I got a loan of someone's old Mighty Mouse today. The thing is a classic case of something that was well designed but not well engineered, so that the things that sound good on paper are the things that cause the mouse to fail in practise. Let's consider them -
1. The design is like an extension of the single button Pro Mouse with touch-sensitive technology to detect which button you want to press. So you can click with your whole hand, but by pressing down on the right you right click, or by pressing down on the scroll ball you can middle click. It also has touch sensitive side buttons, and supposedly OS X has the ability to define points around the side of the mouse as additional buttons.
2. It has a nice little miniature trackball that allows you to scroll in all directions. If it worked, it would probably be a rather pleasant way of scrolling through web pages or documents.
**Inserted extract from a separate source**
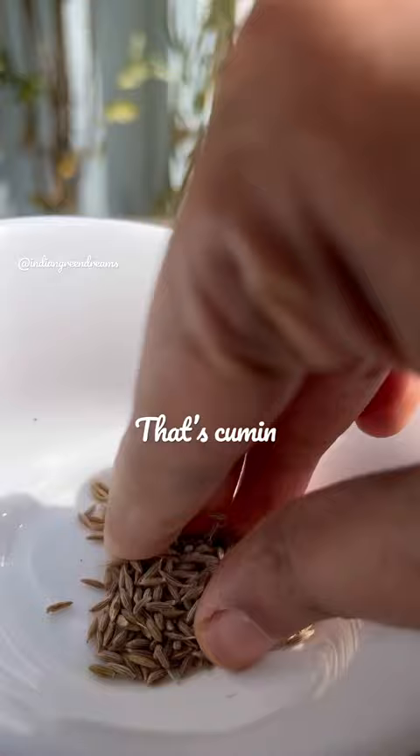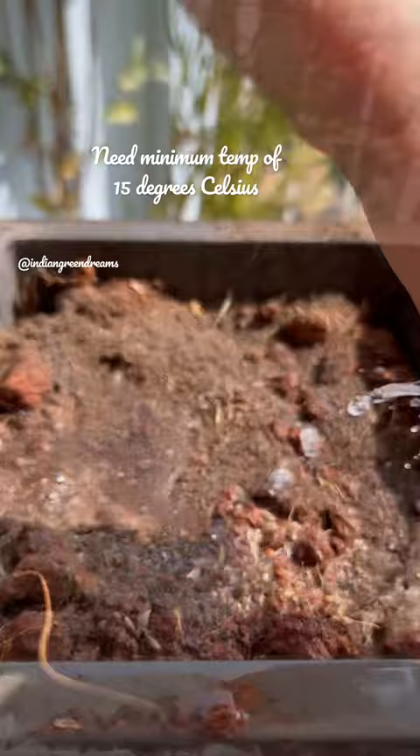Rich source of iron and antioxidants, it helps in digestion and weight loss. Cumin, also known as jeera, is an annual flowering plant from the carrot family.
Now, how the implementation fails -
1. Because they want to preserve the ability to click with your hand, you now have a problem - if you are pressing down on the surface with your fingers, how does the mouse know whether you're left clicking, or pressing all the buttons at once? This is where the touch sensitive controls come into play... if more than one finger is rested on the mouse, any press will be counted as a left click. So if you want to right click you have to lift all your fingers off and press down on the right hand side with a single finger only. Same story for middle click. This is rather inconvenient if you use the right and middle buttons frequently. I guess in OS X where they don't use the other buttons as much, this is an acceptable trade off, but in Windows or Linux, not as much so.
The force-sensitive buttons on the side are a bit weird. If you look inside the mouse (I'd make my own, but there's billions of them up if you google 'Mighty Mouse disassembly') you'd see that unlike the weird contacts for the top mouse buttons, they push against contacts on the PCB... I'm not entirely sure why they didn't just use run of the mill tactile switches for them. Since I don't think cost is an issue here, I think Apple was trying to keep to it's whole 'touch sensitive' theme in places where it maybe wasn't best suited.
Some reviews complained that the side buttons are put in a bad place, but I didnt use the mouse enough to have an opinion either way.
2. As I kinda hinted above, the trackball is rather unreliable. In fact, if you google Mighty Mouse, you'll see loads of links for people complaining about dead scroll wheels, and offering various cleaning tips. I have seen some people say that these cleaning tips do not work, and indeed, despite disassebling the one I had completely, I could not get the thing to work. I was told that the previous owner attempted to disassemble and repair it, so it might have been damaged there.
The problem is that balls pick up dirt, but in a ball this small, the tiny mechanism gets clogged up with unacceptable amounts of dirt too easily. Furthermore, it's not easy to remove the ball (to open the mouse you have to break open a seal on it's underside which is sealed on by glue, fortunately this had already been done when I got it) so it's hard for the average user to clean it (the usual advice given is to damp a cloth with Isopropanol, turn the mouse upside down and roll the ball around in it, or blow into the ball with an airduster) A design like the IBM Scrollpoint which includes a trackpoint as a scroller would be a much more effective solution, as it requires no cleaning, and involves less effort as you are just applying force to stick as opposed to constantly rotating a ball in a manner which will probably tire your fingers out.
Hell, even if it was implemented perfectly, it's still miles inferior to either my CST or KEM. It's going back to the person I loaned it from tomorrow.